Finding Rest for Our Souls: Letting Go of Our Burdens and Taking Up What Christ Offers Instead
I have never been more tired than I’ve been since becoming a mom. Nighttime feedings in the infant years, the endless needs of the toddler years, and the looming fears about the big-kid years can often keep me awake at night and anxious during the day. Trying to meet the needs of everyone in my house, much less myself, is no small feat. It’s easy to feel like I’m running on a hamster wheel, wearing myself out while little progress is made.
Yet, I’m realizing so much of my exhaustion isn’t surface-level. It’s not always just a matter of needing more sleep, although that wouldn’t hurt. It’s much more than that, deeper than that.
So many of us walk around with our shoulders sagging, our heads down, and our eyes only half open. We’re worn and weary physically, yes––but also emotionally, spiritually, mentally. We’re exhausted from the pressure to perform, we’re tired of fear grabbing us by the ankles and crippling us, we wish we could stop constantly feeling like we’re letting people down. A solid night of sleep or a week-long vacation would help our tiredness, sure. But that only scratches the surface.
We need deep rest for our souls.
The Truest, Deepest Rest
In Matthew 11, Jesus talks about giving rest to the weary, saying, “Come to me, all who labor and are heavy laden, and I will give you rest. Take my yoke upon you, and learn from me, for I am gentle and lowly in heart, and you will find rest for your souls. For my yoke is easy, and my burden is light” (Matt. 11:28–30).
At first glance, his words might sound like a quick fix or a magic spell. But that's not what Jesus offers. He offers himself. He offers the truest rest, the deepest relief for our exhaustion that we cannot find anywhere else. He tells us that true rest is found when we take up the yoke of Christ, when we come to him instead of going our own way.
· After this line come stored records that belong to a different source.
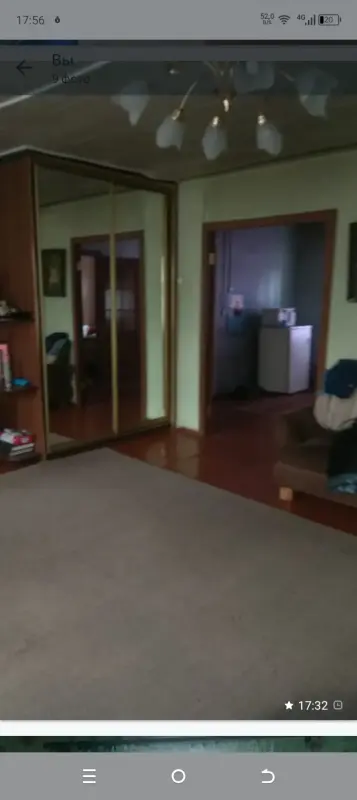 Продажа домов, коттеджей - Дом Полоцк - Вся Беларусь - Фото 3 Дом Полоцк - Вся Беларусь - 230319 - Доска объявлений Kupika.by - Фото 3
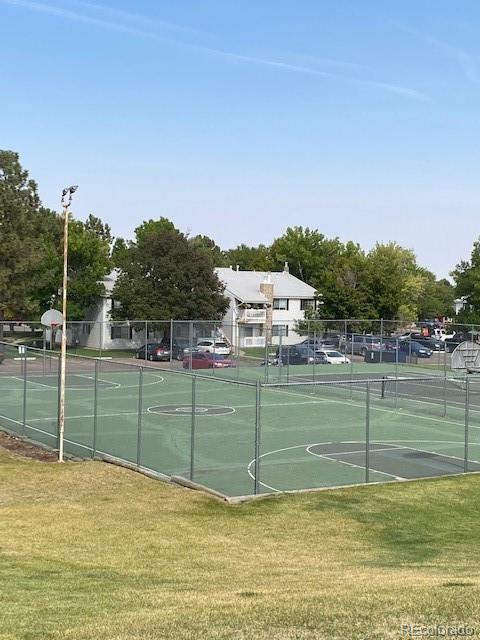 14111 E Jewell Ave Unit 103, Aurora, CO 80012 - photo 22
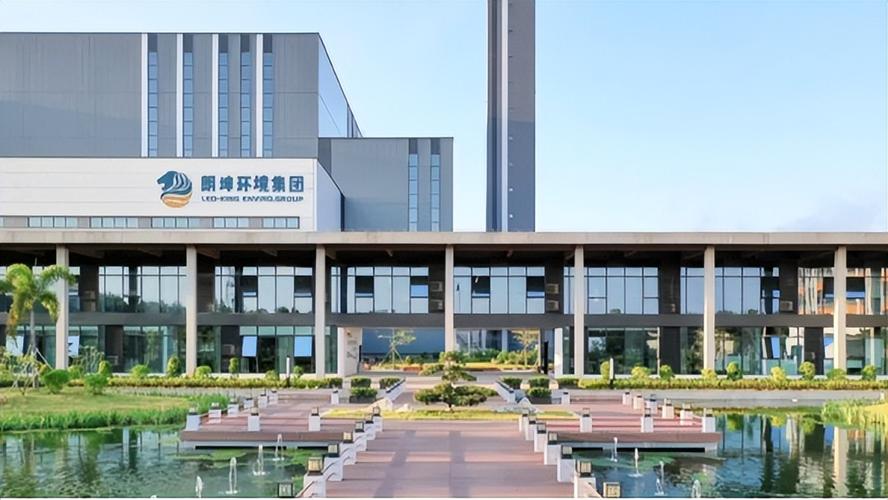 上坤企业股份有限公司_朗坤环境 注册 创业板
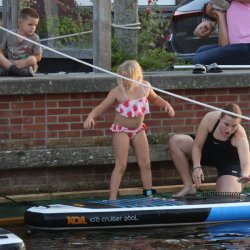 Sup_26_7382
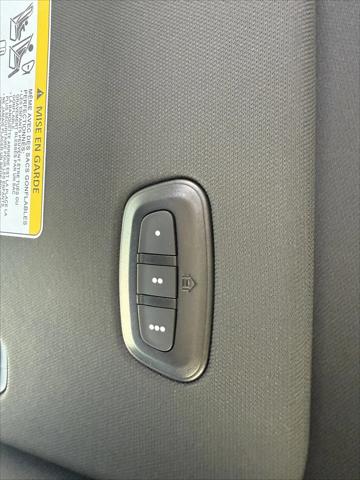 2025 Ram 1500 Lone Star Crew Cab 4x2 57 Box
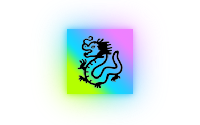 黑龙的多人在线体验 (BlackDragon's Multiplayer Experience)第1张-SODA 黑龙的多人在线体验 (BlackDragon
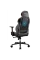 Scaun gaming Cougar NxSys AERO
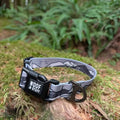 Moonlight Collar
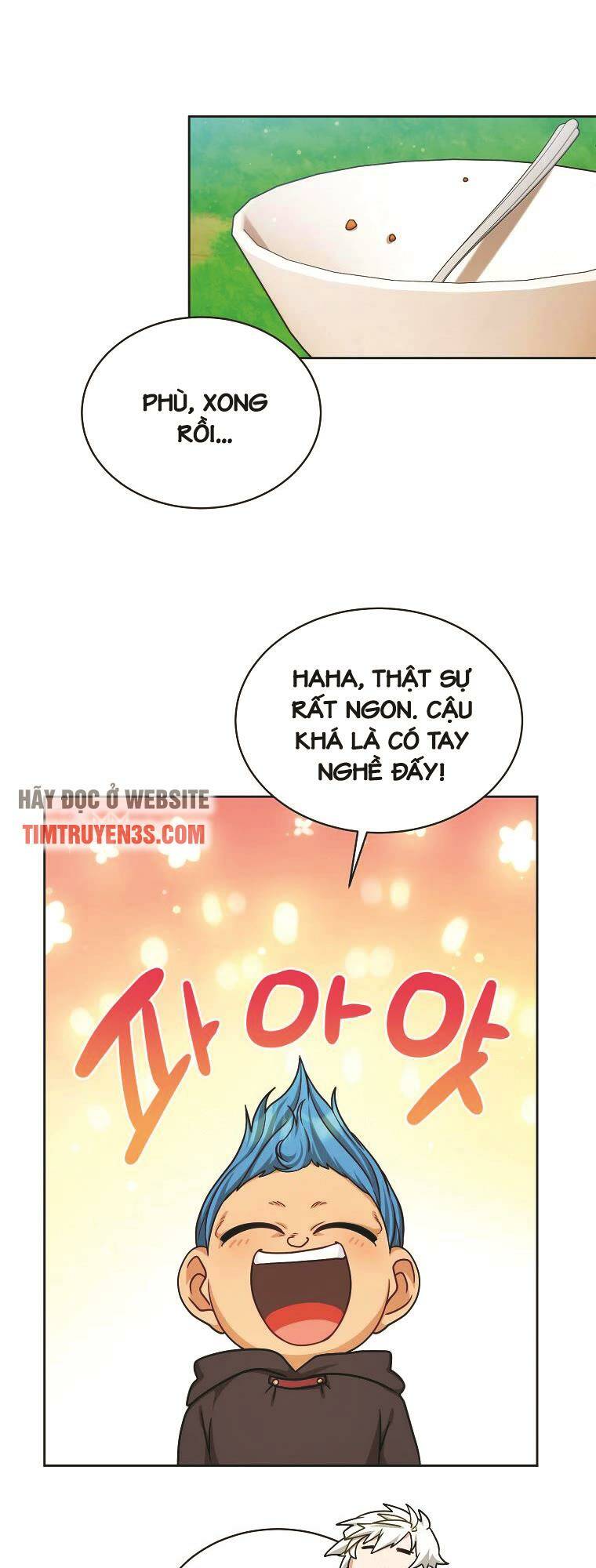 Chương 80 - Trang 33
In Jesus’ day, Pharisees often spoke of carrying the yoke of the Torah. They accepted the burden of the Law. That was part of being a good Jew—you carried this burden and lived out all the fine points of the Law. But Jesus offers a different way, and he rejected the legalism and pride evident in many of the Jewish leaders’ lives. In Matthew 23:4, he calls out the scribes and Pharisees says, “They tie up heavy burdens, hard to bear, and lay them on people’s shoulders…”
But the yoke of Jesus does not do this. The yoke of Jesus comes not from an attempt at performance or perfectionism. It comes from mercy and love. And so Jesus calls his listeners to give up the burdens they’re carrying, to stop hitching themselves to exhausting and impossible standards of the Law and of the culture. Instead, he’s saying, Here, I have something better. Hitch yourself to me, and when you take up my yoke, when you go my way, you’ll find what you need.
Letting Go of Our Burdens
What burdens are we carrying that we don't need to carry? What would it look like to carry his yoke instead? His yoke is easy and his burden is light, but too many times we carry what is crushing us instead.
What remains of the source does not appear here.